Genta diam dengan posisi duduknya di atas motor yang siap kapan saja ia lajukan. Ia menatap Papi yang kini sedang memasukkan koper kedalam bagasi mobil sedangkan Mami tengah berjalan ke arahnya.

"Kamu mau kaya kakak kamu, pergi gitu aja tanpa pamit sama orangtuanya." Mami kembali pada waktu pagi yang masih gelap dimana anak gadis nya berangkat sekolah lebih awal, disaat semalam dia membicarakan tentang kepulangan dia kembali ke Amerika saat makan malam.
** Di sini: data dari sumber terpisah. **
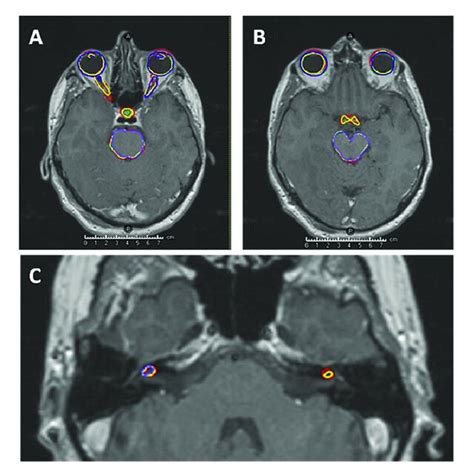 T1 Weighted Gadolinium Enhanced MRI Showing Examples Of The Predicted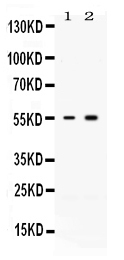 1 - Anti-ACVR2B Picoband Antibody ABO12660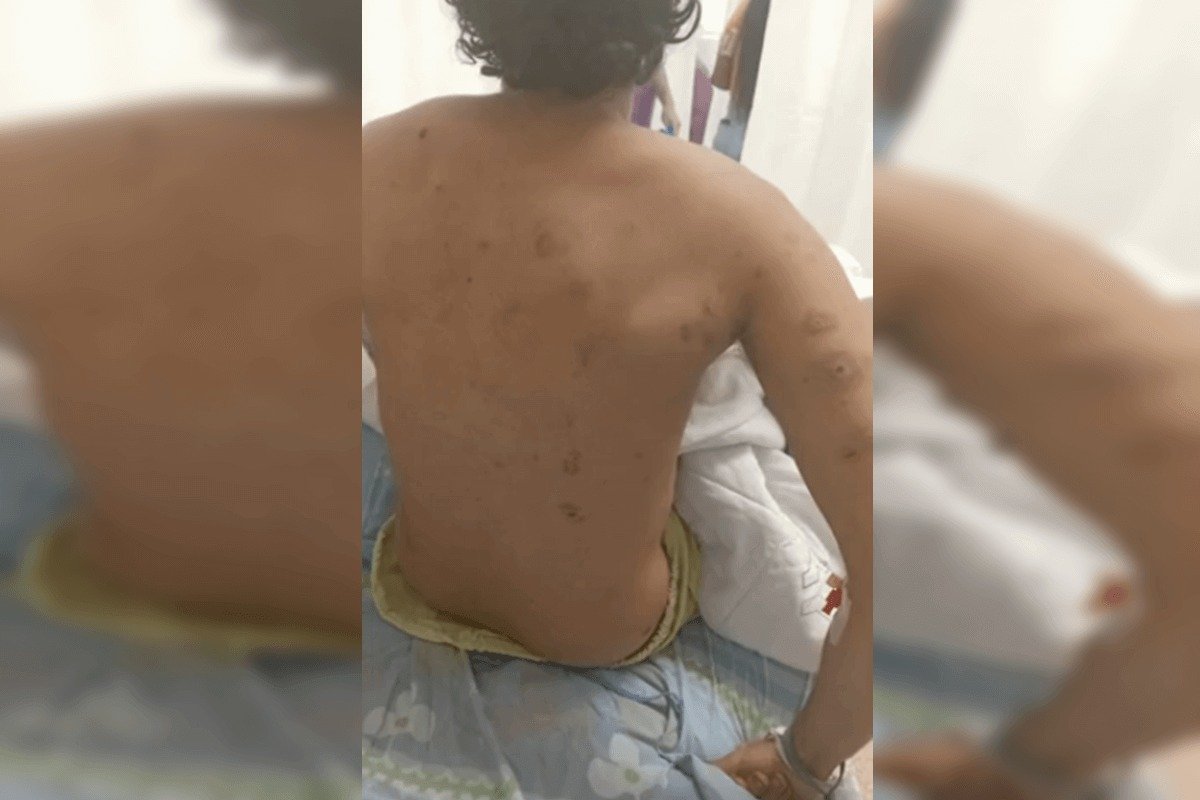 Israel: brasileiro ferido foi atingido por estilhaços de granada |  Metrópoles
Ginny terlihat marah saat acara makan malam selesai, dan esoknya anak gadisnya pergi menghindarinya.

Wanita paruh baya yang saat ini berdiri disamping motor, di tatap lekat-lekat. "Genta ngerti sekarang gimana perasaan kakak. Kakak bener soal orangtua yang nggak perduli dan acuh sama anaknya. Kakak bener soal Mami tentang Papi yang hanya fokus sama kerjaan. Saat seperti ini, Genta cuma mau kalian datang ke pertandingan kejuaraan basket. Dukung Genta, karena cuma dengan ini Genta bikin kalian bangga." Genta menghembuskan nafas, lalu menunduk. "Genta pergi sekolah dulu, hati-hati dijalan." setelah itu Genta melajukan motornya menjauhi pekarangan rumah.

Genta marah, meskipun amarah yang dia tunjukkan tidak seperti Ginny.

Nilai Genta yang ia peroleh disetiap mata pelajaran belum bagus, dia belum bisa mendapat peringkat dalam kelas namun ia bisa membuat bangga kedua orangtua nya lewat kejuaraan basket se Jawa Barat yang akan ia lakukan beberapa jam mendatang. Dengan itu, Genta ingin saat dirinya mencetak angka orangtua nya bersorak gembira diantara bangku penonton. Tapi, itu hanyalah keinginan yang tidak terpenuhi dan menjadi sebuah angan. Karena lagi-lagi kedua orangtua nya harus kembali ke Amerika.